Cuatro pasos (pequeños) de largo por 3 pasos (pequeños) de ancho. 74 baldosas. Las medidas de mi madriguera. Una espejo que, por alguna razón que no consigo recordar, está colgado demasiado alto para mí. Una cama de 1,35. Una mesa de cristal delante de la ventana por la que veo La Peñota, el puerto de Los Leones y un abeto que cuando se plantó nos dijeron que era de "crecimiento lento" y, ahora, 20 años después, se ha hecho enorme. Una silla de director roja. Una estantería hecha de palés de madera; y otras sobre la ventana. Una mesilla restaurada donde guardo las cosas que me importan mucho y también las cosas que no quiero ver. ¿Por qué guardo cosas si no quiero verlas? Supongo que porque es parte del proceso: primero las atesoras, luego las miras, luego duelen y hay que esconderlas, y después, cuando se vuelven inofensivas, se tiran. Me quedan cosas por tirar ahí dentro. 

No he tenido siempre este refugio. Recuerdo los primeros días, con 18 años, ordenando mis cosas, colocando, organizando y disfrutando de tener mi propio espacio, que no tenía que compartir con nadie. De aquella época recuerdo querer hacerlo "bonito" o algo así. Recuerdo noches llorando sin parar, días de no poder levantarme de la cama de resaca, tardes estudiando y alguna noche loca. No lo sentía especial ni diferente al resto de la casa, era un sitio para estar a solas pero nada más. 

"Creo que una persona impregna un sitio" leí en la expo de los Wyeth. Ahora, con 43 años, creo que por fin he impregnado este cuarto, cueva, madriguera o rincón con lo que soy. La persona que soy, que he llegado a ser, está en todas y cada una de las cosas que hay en este cuarto y yo soy más esa persona cuando estoy aquí.

En los primeros tiempos era una adolescente con un cuarto... después, mi vida ha ido pasando por aquí. Lo he compartido unos años con El Ingeniero y lo que fui estando con él también está en estas paredes, mi maternidad desbordada también ha impregnado mis cosas a la vez que me impregnaba a mí. 

Ahora ya no soy adolescente, ni lo comparto (ni creo que vuelva a compartirlo nunca) y la maternidad ha encontrado su sitio en estas paredes en las fotografías que cuelgan en la pared encima de mi cama.

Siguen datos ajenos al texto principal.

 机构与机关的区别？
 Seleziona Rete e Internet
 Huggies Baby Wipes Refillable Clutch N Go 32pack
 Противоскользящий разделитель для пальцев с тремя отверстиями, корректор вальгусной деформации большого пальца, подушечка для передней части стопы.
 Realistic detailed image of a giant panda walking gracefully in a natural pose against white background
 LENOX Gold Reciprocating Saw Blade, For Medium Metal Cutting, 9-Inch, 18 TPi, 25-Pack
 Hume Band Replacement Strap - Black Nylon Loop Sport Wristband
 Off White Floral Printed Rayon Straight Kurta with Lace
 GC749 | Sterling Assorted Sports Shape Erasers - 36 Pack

La cama está pegada a la pared porque solo estoy yo, porque ya no la comparto ni creo que vuelva a compartirla. Una cama grande pegada a una pared es un lugar seguro, la esquina en la que confluyen las dos paredes y la cama es el refugio perfecto. (Por el contrario, una cama en isla en medio de una habitación siempre es sexo... por lo menos en mi imaginario particular).

Mi cama, mi mesa, mi silla, mis cuadernos de lecturas, mis fotografías, mis cuadros. Cada cosa que significa algo de verdad para mí encuentra un hueco en este cuarto. 

Me gusta el sonido de lluvia en el tejado inclinado, identifico los pájaros que escucho por la ventana, reconozco el tacto del suelo cuando lo piso descalza, conozco cada ruido de la puerta de los armarios y sé cómo cerrar la ventana para que cuando llueve del norte no entre mucha agua. Me gusta mirar los libros desde la cama y las fotografías de la pared. Y no hay mejor momento que despertar por la mañana temprano, abrir la ventana y volver a meterme en la cama a ver amanecer. 

Me gusta mi madriguera porque, como dice Andrew Wyeth, en ella no tengo que ser consciente, ni estar alerta, ni pensar; solo ser.